1\. a general name and concept for a user only having to worry about the
services they deploy at the application layer (without having to worry about
setting up servers and such behind it)

2\. a framework for generalizing how to package up serverless functions.

(the name overload is super confusing took me a while when I wanted to setup
1)

So you question is comparing apples to oranges.

In that you can use serverless framework to deploy Django,Flask,ExpressJS and
etc applications to serverless systems i.e. AWS Lambda.

for instance I have 2 services I use basically every day that are built on
this

[https://github.com/awslabs/aws-serverless-
express](https://github.com/awslabs/aws-serverless-express)

so I use serverless framework to deploy nodejs/express applications

------
gitgud
==== Advantages of Serverless:

\- Stability: You're only deploying parts of the backend at a time, which
reduces chances of breaking the entire application.

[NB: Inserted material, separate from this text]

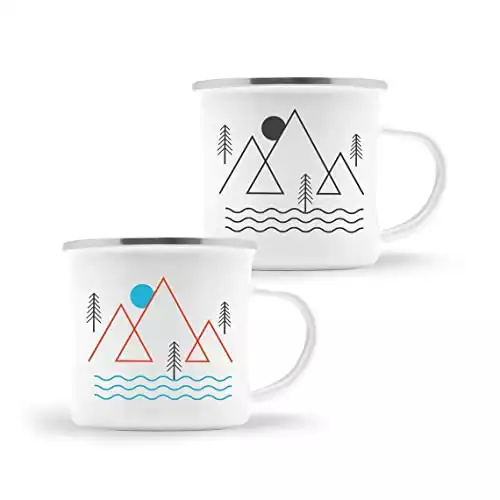 Enamel Camping Mugs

\- Scaling: You can have parts of your backend scale with use, rather than
scaling the entire monolithic backend.

\- Cost: Serverless is surprisingly cheap these days, compared to hosting a
full PHP/Python server.

==== Disadvantages of Serverless:

\- Complexity: Serverless a.k.a "micro services", are basically tiny servers.
This adds a bit of complexity, with authentication, latency etc. As it's not a
single monolithic server anymore.

Many other drawbacks are inherently related to the added complexity.

In my experience it's worth trying, but if you're a one-man team then; a
monolithic server is much easier/faster to deploy, test, and iterate on.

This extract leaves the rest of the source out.